Gaat nu de digitalisering stagneren? Dat hoeft niet. Vanmorgen in de trein naar de 2e dag van de DISH conferentie dacht ik dat een omvangrijke regeling als bij de veiling van BKR-kunstwerken door de overheid (die in 2007 werd ingezet vanuit het ICN) een model kon zijn voor de copyright kwestie. Je geeft namens alle erfgoedinstellingen aan dat er een regeling gaat komen, die in één keer voor al het gedigitaliseerde beeld geldt. Als rechthebbende kun je dan binnen een maand na bekendmaking aangeven wat je wilt doen me je recht: geen toestemming verlenen, creative commons licentie, of volledig toestemming verlenen. Wat na een maand niet geregeld (geclaimd) is, zal beschouwd worden als volledige toestemming.

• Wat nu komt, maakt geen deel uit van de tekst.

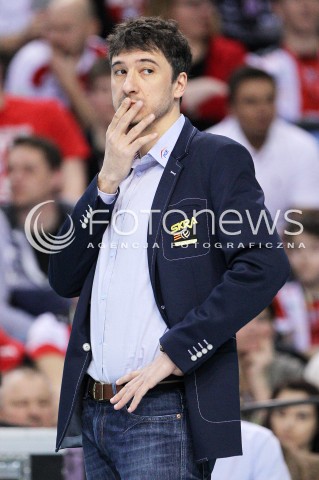  21.02.2015 RZESZOW<br />SIATKOWKA PLUSLIGA 2014/2015 MEN VOLLEYBALL POLAND POLISH PLUS LIGA LEAGUE SEASON 2014/2015<br />MECZ ASSECO RESOVIA - PGE SKRA BELCHATOW<br />N/Z MIGUEL FALASCA TRENER ( HEAD COACH ) SYLWETKA<br /> 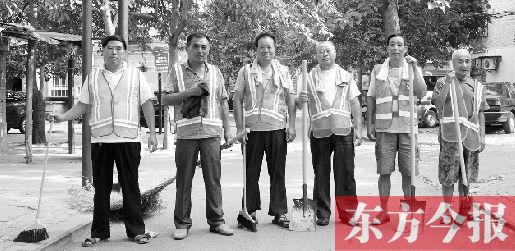 昨天下午6點(diǎn)，6名環(huán)衛(wèi)工人相伴乘坐B(niǎo)1返回27公里外的花園口村。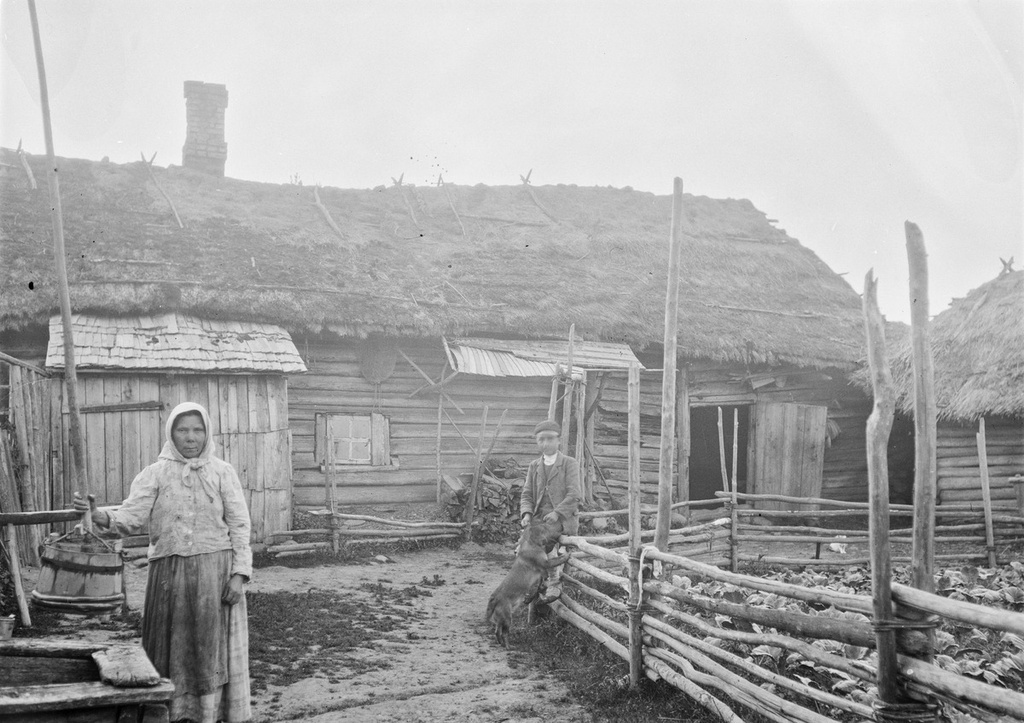 Singer Jula Tosilaud next to the cottage
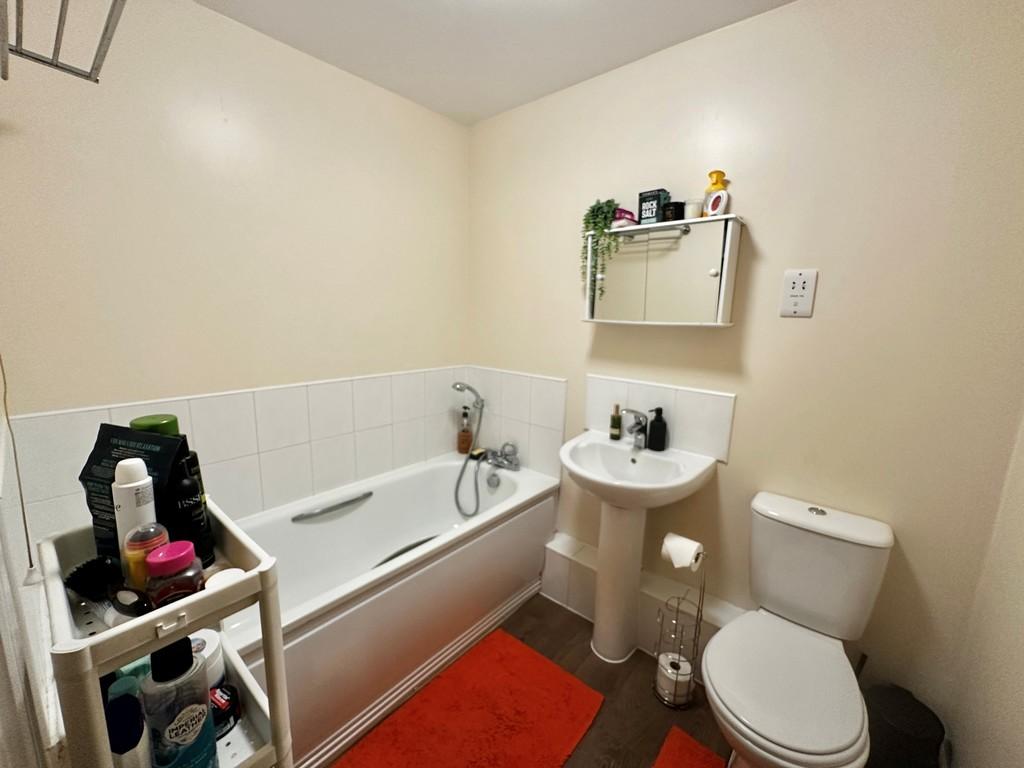 3 starling bathroom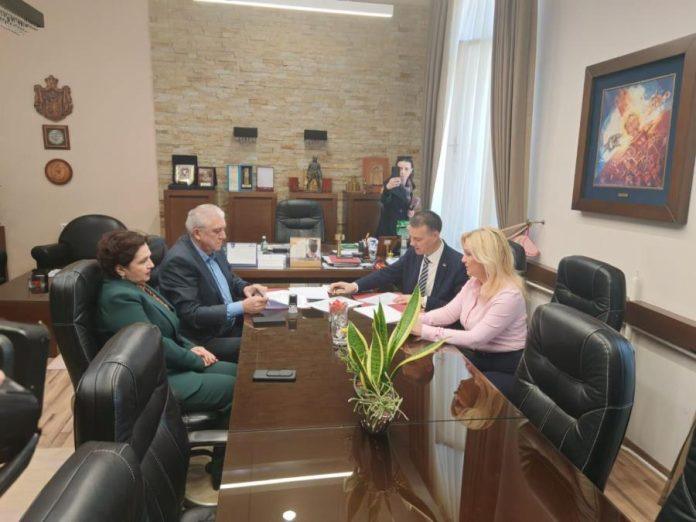 besplatan-prevoz-za-penzionere,-osnovce,-borce,-osobe-sa-invaliditetom-i-vatrogasce:-grad-krusevac-i-jugoprevoz-potpisali-ugovor-o-javno-privatnom-partnerstvu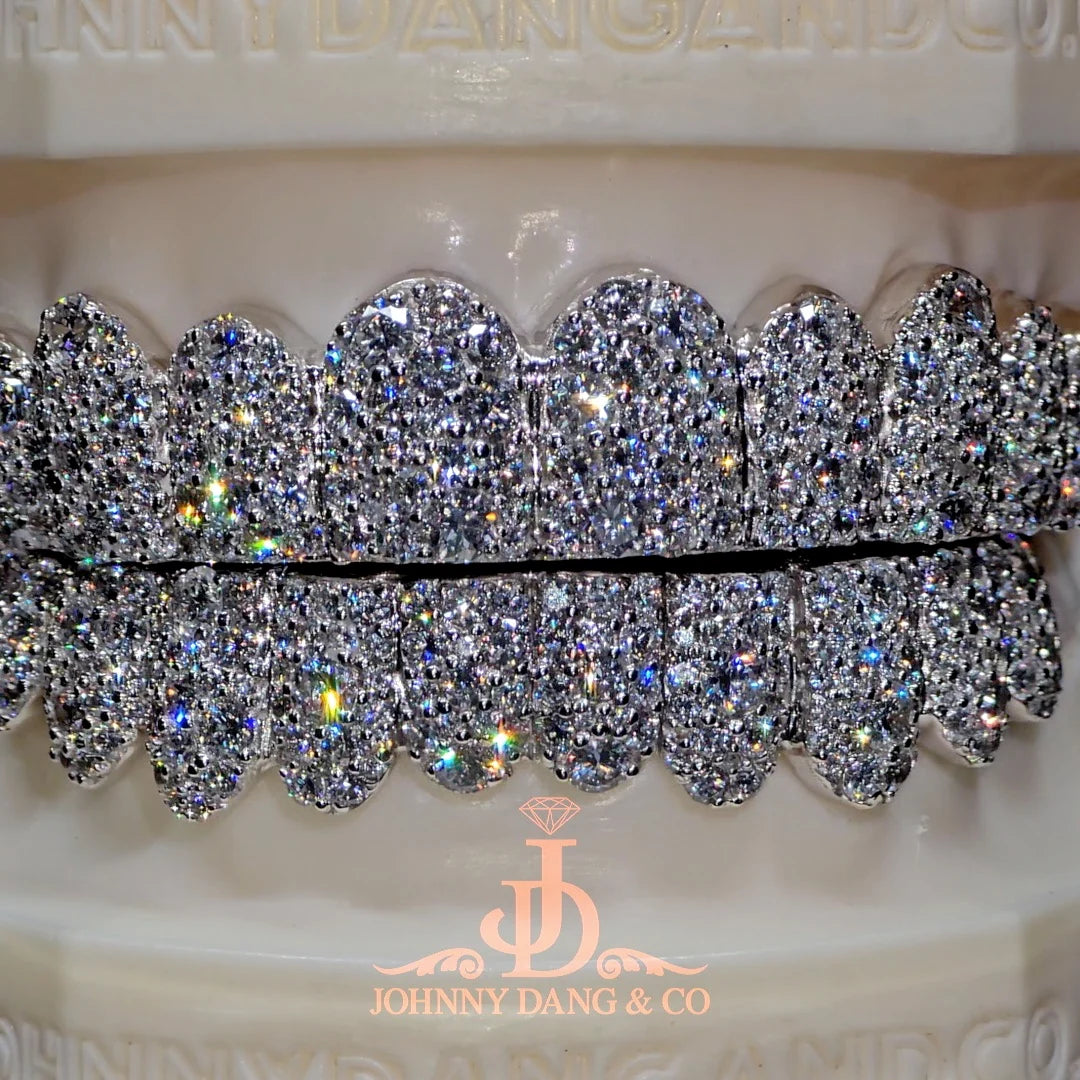 JDWR-2026-29 Flawless Mosaic Set Grillz White Gold (Pull Out)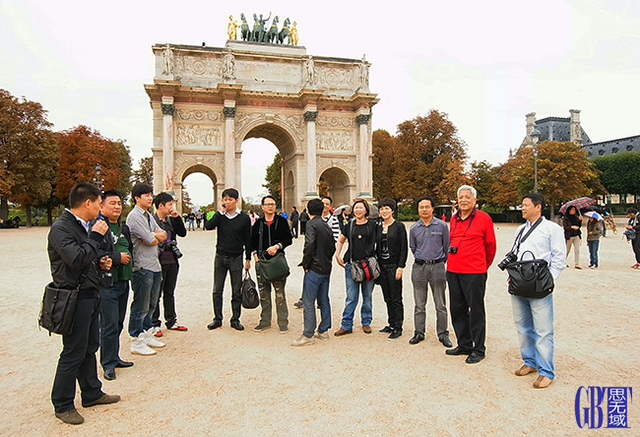 B06 到达卢浮宫.JPG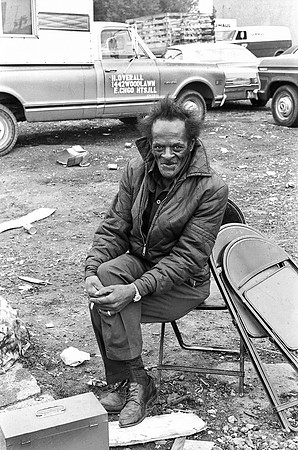 1975_Maxwell Street_021_ (89)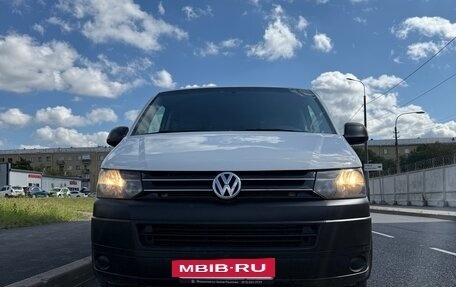 Volkswagen Transporter T5 рестайлинг, 2014 год, 1 750 000 рублей, 5 фотография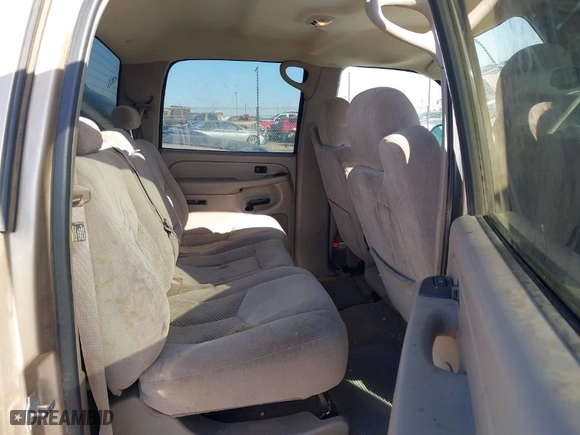 2004 Chevrolet Silverado 2500 Crew Cab LS with VIN 1GCGC23U14F252357, listed as a IAAI auction lot 41682345 with 159,643 mi miles. Bid and sale history available at carsss.com. Image 8.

Maar dan komen natuurlijk organisaties als Pictoright op de proppen, om namens alle ‘beeldrechthebbenden’ alles te claimen.
Nu de nuancering. natuurlijk snap ik heus wel waar Pictoright voor bedoeld is. Als ik een foto op Flickr zet, om met mijn vrienden en (potentiële) kennissen te delen en een commercieel bedrijf (reclamebureau) gaat daar heel veel geld mee verdienen, dan kan ik me gebruikt voelen en tekort gedaan. Dan is het fijn als daar iets voor geregeld is. Tenzij ik besluit dat me dat niets kan schelen, dat ik de eer belangrijk genoeg vind. Ben ik een professioneel fotograaf, wordt dat lastiger. Maar dan moet ik mijn spullen ook beter beschermen en dat kan bijvoorbeeld via Pictoright.
So far so good. En dan komen we toch weer bij de erfgoedinstellingen, ons aller maatschappelijk belang (en dat van onze nazaten). Zou het dan een idee zijn als de overheid (ministerie van OCW) een deel van het budget voor de digitalisering gebruikt (bijvoorbeeld van het deel dat nu gekort dreigt te worden) om een soort fonds te maken. Van daaruit kunnen dan regelingen getroffen worden met rechthebbenden en hun belangenbehartigers. En met de rest van het budget kan dan zonder verdere stagnering in versneld tempo toegankelijk gemaakt worden.
Nog een beetje een ruwe gedachte, dus ik hoor graag suggesties om dit beter uit te werken. Het zou volgens mij enorm helpen als we dit in een groot gebaar, vanuit een overkoepelende aanpak, snel zouden kunnen regelen. dat is al een kostenbesparing op zichzelf.